Il y a des jeux de cour d’école qui ne payent pas de mine. Pas de matériel, pas de ballon, pas de règles imprimées. Juste un nom un peu bizarre, un coin de terrain, et des enfants qui hurlent parce que ça va trop vite. « Dododo » fait partie de ceux là.

Le principe est simple à expliquer, mais franchement moins simple à réussir quand tu es au milieu du camp adverse, les poumons déjà en feu, et que tu réalises que tu dois encore traverser tout le rectangle pour rentrer. Et en plus, tu dois parler. Sans t’arrêter. C’est littéralement la mécanique du jeu.

Dans cet article, je te décris le jeu comme on y joue le plus souvent, les règles claires, les variantes, et quelques conseils pour éviter que ça parte en chaos total dès la deuxième manche.

D’où vient le jeu « dododo » ?

Le nom sonne comme une comptine. Et c’est peut être l’idée, justement. « Dododo », ça oblige à faire un son continu, presque ridicule, et ça crée ce mélange parfait entre sérieux et fou rire. Tu es en mission d’élimination, mais tu respires comme un poisson hors de l’eau.

L’origine exacte, honnêtement, est difficile à tracer. C’est typique des jeux traditionnels qui circulent de cour en cour, de colonie en colonie. Ça se transmet oralement, ça bouge, ça se déforme. Et pourtant la base reste la même : entrer chez l’autre, toucher, et survivre à ton propre souffle.

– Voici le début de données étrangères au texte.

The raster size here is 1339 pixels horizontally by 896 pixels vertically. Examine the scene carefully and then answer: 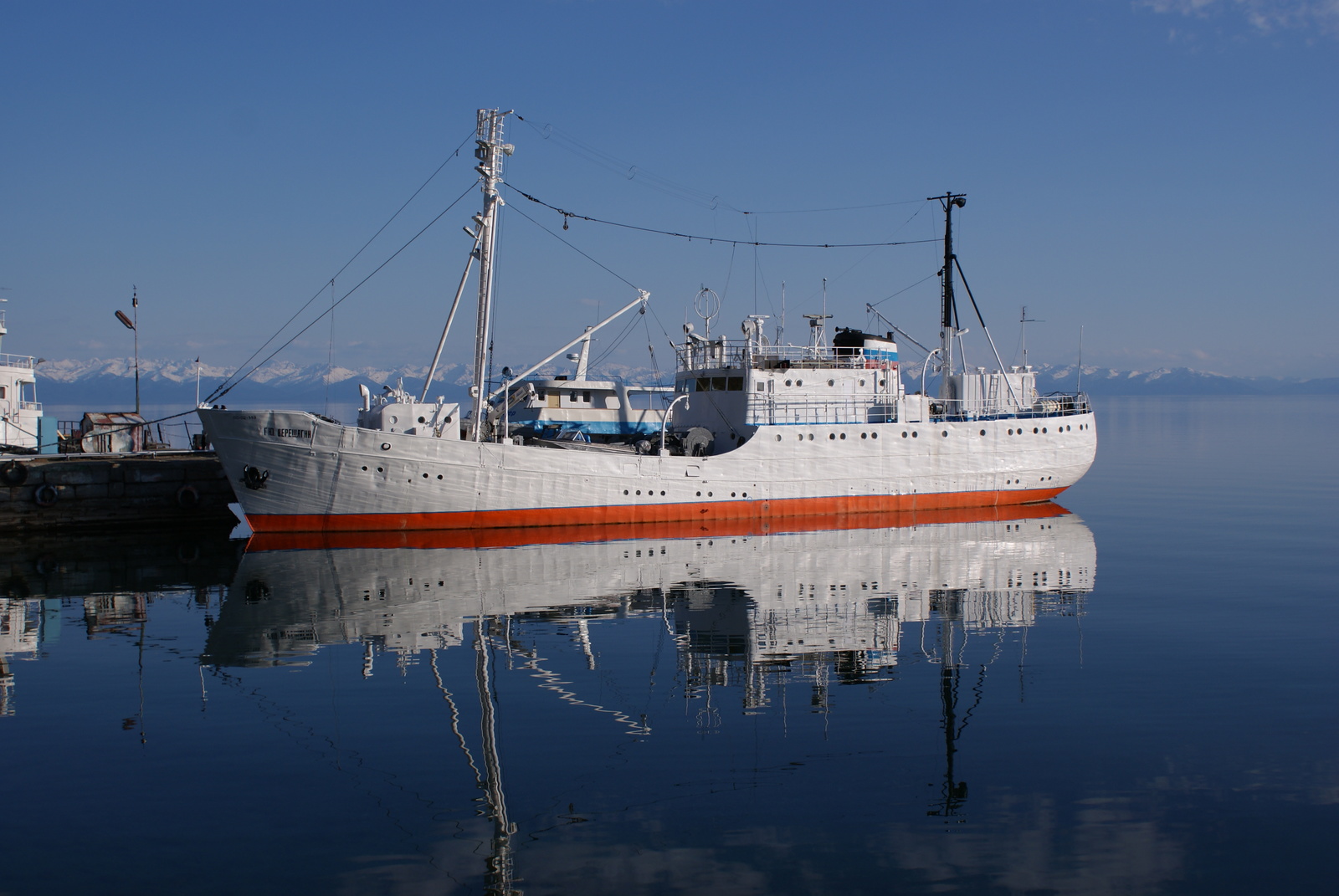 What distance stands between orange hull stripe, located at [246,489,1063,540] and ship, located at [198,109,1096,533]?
0.18 feet

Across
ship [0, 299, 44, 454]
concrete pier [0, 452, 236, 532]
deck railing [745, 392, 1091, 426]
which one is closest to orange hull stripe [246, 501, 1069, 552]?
deck railing [745, 392, 1091, 426]

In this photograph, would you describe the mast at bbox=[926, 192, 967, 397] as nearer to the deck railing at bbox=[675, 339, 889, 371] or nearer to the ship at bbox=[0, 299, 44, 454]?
the deck railing at bbox=[675, 339, 889, 371]

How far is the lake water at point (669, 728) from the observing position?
879cm

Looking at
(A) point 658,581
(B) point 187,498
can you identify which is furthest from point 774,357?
(B) point 187,498

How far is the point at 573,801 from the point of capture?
10.0m

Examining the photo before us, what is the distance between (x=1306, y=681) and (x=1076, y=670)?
330 centimetres

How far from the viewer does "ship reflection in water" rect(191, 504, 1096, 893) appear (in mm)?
10531

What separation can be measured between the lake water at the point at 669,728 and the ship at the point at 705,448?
382cm

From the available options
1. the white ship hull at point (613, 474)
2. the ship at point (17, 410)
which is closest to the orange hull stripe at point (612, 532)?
the white ship hull at point (613, 474)

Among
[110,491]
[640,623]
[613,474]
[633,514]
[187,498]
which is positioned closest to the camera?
[640,623]

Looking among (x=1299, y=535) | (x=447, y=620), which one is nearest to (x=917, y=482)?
(x=1299, y=535)

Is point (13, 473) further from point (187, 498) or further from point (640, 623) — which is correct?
point (640, 623)

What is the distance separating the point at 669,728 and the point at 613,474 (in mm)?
17795

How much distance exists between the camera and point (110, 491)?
3038cm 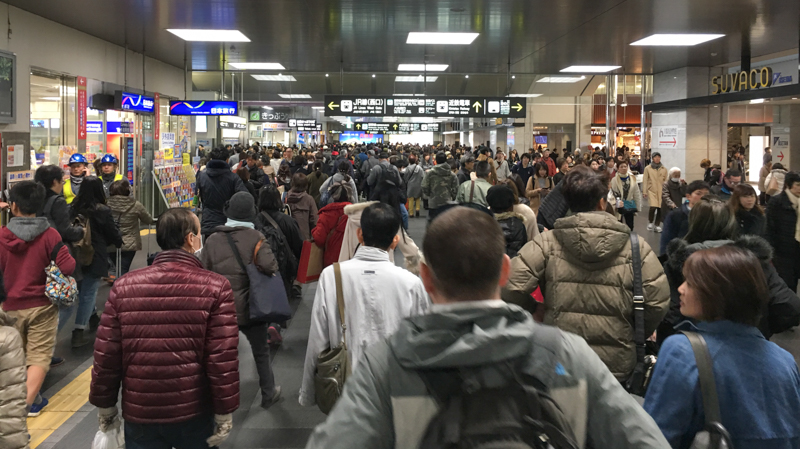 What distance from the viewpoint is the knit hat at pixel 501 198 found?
5.55 metres

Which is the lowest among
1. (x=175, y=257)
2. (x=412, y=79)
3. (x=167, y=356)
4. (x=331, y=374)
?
(x=331, y=374)

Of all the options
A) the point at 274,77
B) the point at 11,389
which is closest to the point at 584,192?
the point at 11,389

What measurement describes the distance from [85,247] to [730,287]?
616 cm

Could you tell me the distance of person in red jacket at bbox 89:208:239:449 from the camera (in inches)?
121

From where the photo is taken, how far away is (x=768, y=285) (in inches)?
143

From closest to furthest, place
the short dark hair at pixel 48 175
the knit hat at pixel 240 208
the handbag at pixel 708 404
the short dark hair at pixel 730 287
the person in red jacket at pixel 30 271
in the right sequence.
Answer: the handbag at pixel 708 404 < the short dark hair at pixel 730 287 < the person in red jacket at pixel 30 271 < the knit hat at pixel 240 208 < the short dark hair at pixel 48 175

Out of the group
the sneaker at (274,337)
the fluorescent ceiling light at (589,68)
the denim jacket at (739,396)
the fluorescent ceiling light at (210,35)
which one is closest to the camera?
the denim jacket at (739,396)

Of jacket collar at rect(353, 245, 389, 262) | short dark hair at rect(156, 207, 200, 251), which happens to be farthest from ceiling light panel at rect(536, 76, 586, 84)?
short dark hair at rect(156, 207, 200, 251)

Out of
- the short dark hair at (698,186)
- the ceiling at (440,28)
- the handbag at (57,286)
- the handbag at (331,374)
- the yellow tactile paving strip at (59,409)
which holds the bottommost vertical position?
the yellow tactile paving strip at (59,409)

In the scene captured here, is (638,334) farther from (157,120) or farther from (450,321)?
(157,120)

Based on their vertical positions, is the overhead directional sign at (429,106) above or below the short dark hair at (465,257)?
above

Le matériel et le terrain : rien, mais pas n’importe comment

Le jeu ne demande aucun matériel. Par contre, il demande de l’espace.

Le terrain

Les joueurs sont divisés en deux équipes, et chaque équipe a son camp. Les deux camps sont rectangulaires, collés l’un à l’autre, comme deux grandes cases voisines. Il faut que ce soit assez grand pour courir dedans, esquiver, changer de direction. Si c’est minuscule, ça devient juste une mêlée.

En pratique, tu peux tracer avec :

  • des plots
  • des craies au sol
  • des lignes déjà présentes (terrain de sport, cour avec marquages)
  • ou même des repères « naturels » : un mur, un banc, une ligne imaginaire qu’on respecte à peu près

Oui, à peu près.

Le nombre de joueurs

Le jeu fonctionne à partir de 6 joueurs, mais il devient vraiment bien quand il y a du monde. 8 à 20, c’est une bonne zone. Plus, ça marche encore, mais il faut agrandir les camps sinon ça tourne au piétinement.

Les règles du dododo, version classique

Voilà la version la plus courante, celle qui correspond au contexte que tu as donné.

1. Deux équipes, deux camps

Les joueurs sont divisés en deux équipes, équipe A et équipe B. Chaque équipe se place dans son camp. Les camps sont côte à côte.

2. Un joueur attaque, en disant « dododo » sans s’arrêter

Un joueur de l’équipe A commence. Il entre dans le camp B et doit essayer de toucher un maximum d’adversaires. Chaque joueur touché est éliminé.

Mais il y a une contrainte énorme : pendant toute sa présence dans le camp adverse, il doit dire « Dododo » en continu. Sans pause. Sans reprendre une grande inspiration en silence. Le son doit être continu.

Évidemment, ça le fait perdre son souffle.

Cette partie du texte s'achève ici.